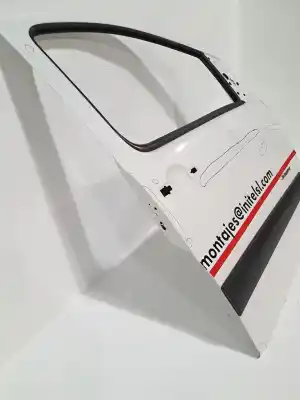 Second-hand car spare part front right door for citroen jumpy * oem iam references 9004x7  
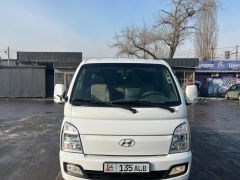 Фото авто Hyundai HD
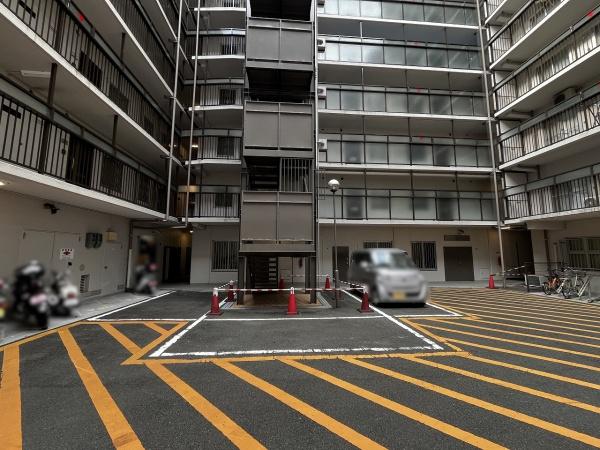 ドルミ四条大宮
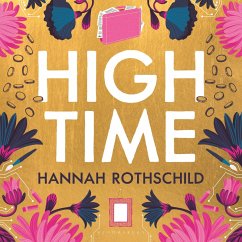 High Time (MP3-Download) - Rothschild, Hannah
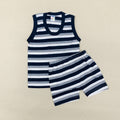 SL Kids Nikker Set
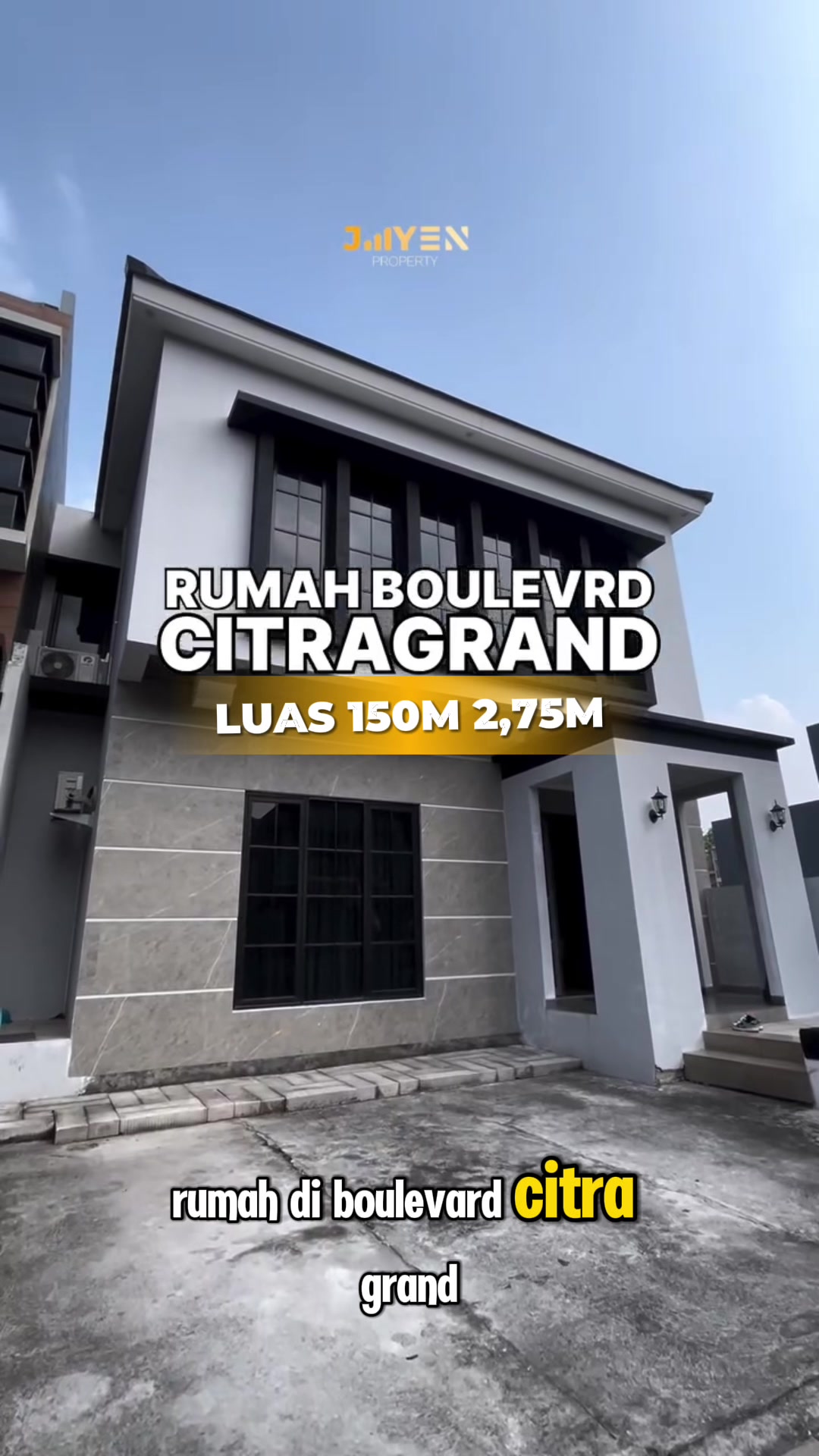 @PROPERTY AGENT SEMARANG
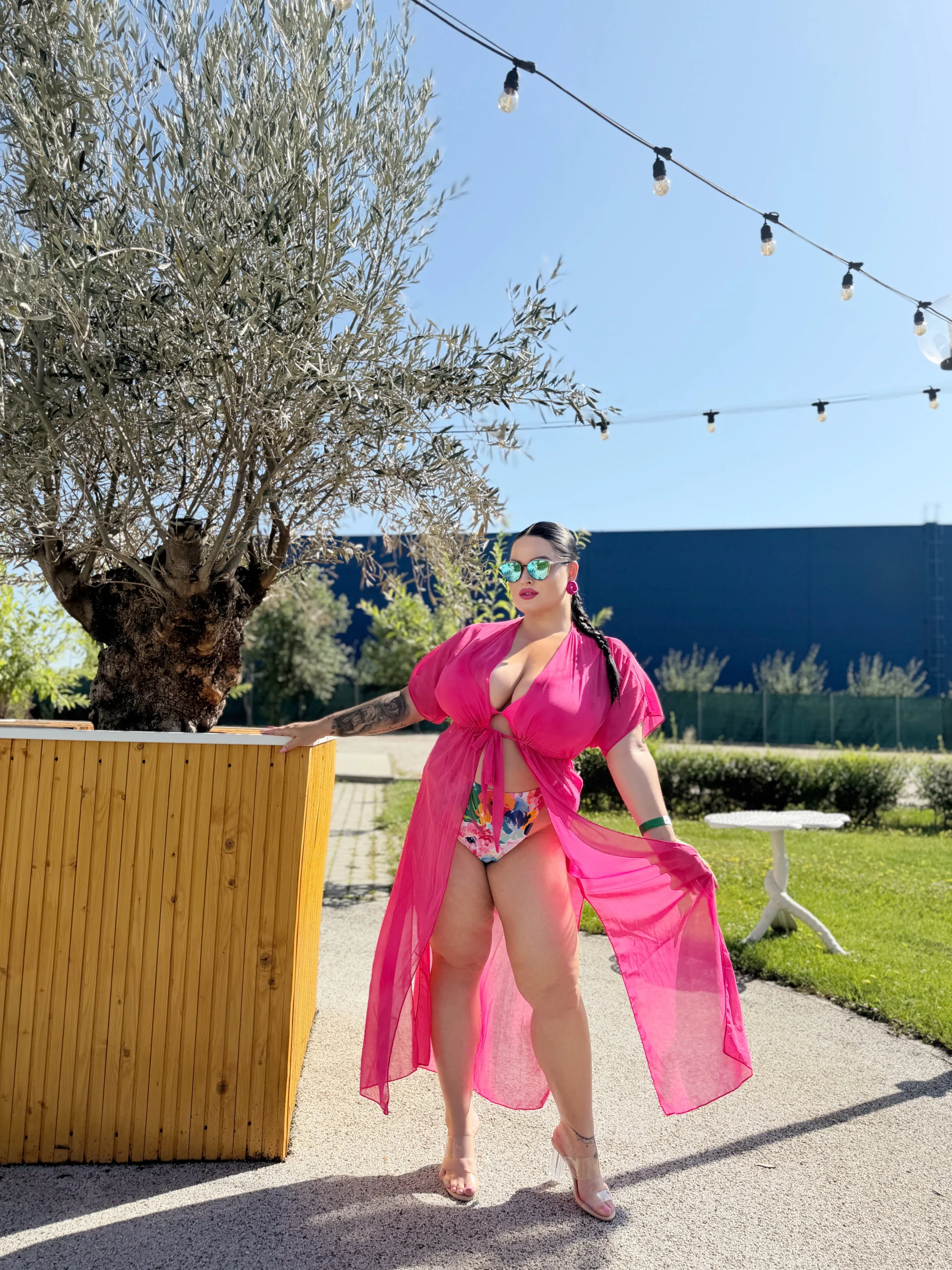 XXX Porn Photo of Nude GeorgiaLerox 166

========================

**Work to complete:** Repeat all entries exactly. Skip the pictures.

**Solved exercise:**
 Second-hand car spare part front right door for citroen jumpy * oem iam references 9004x7  
 Фото авто Hyundai HD
 ドルミ四条大宮
 High Time (MP3-Download) - Rothschild, Hannah
 SL Kids Nikker Set
 @PROPERTY AGENT SEMARANG
 XXX Porn Photo of Nude GeorgiaLerox 166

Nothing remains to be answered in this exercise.